**ABOUT THIS EXERCISE**
When you find the line with "Burger at Mōpa in Paris" among the records below, reproduce it and each line after it exactly, ending with the line with "2025 Harley-Davidson® Road".

**SUPPLIED ENTRIES**
== Segment start ==
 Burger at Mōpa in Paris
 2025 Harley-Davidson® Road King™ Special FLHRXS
== Segment end ==
== Segment start ==
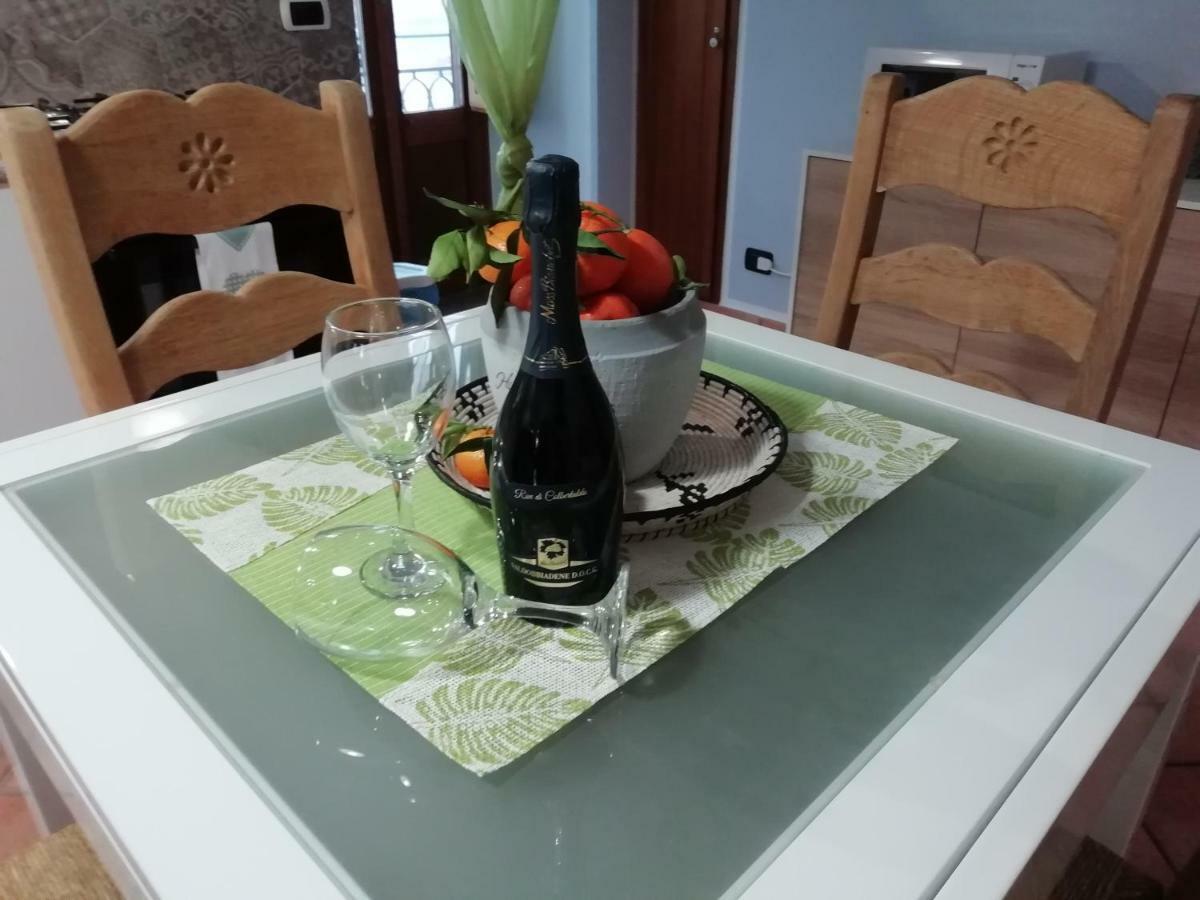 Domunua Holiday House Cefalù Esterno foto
== Segment end ==
**EXPECTED OUTPUT**
 Burger at Mōpa in Paris
 2025 Harley-Davidson® Road King™ Special FLHRXS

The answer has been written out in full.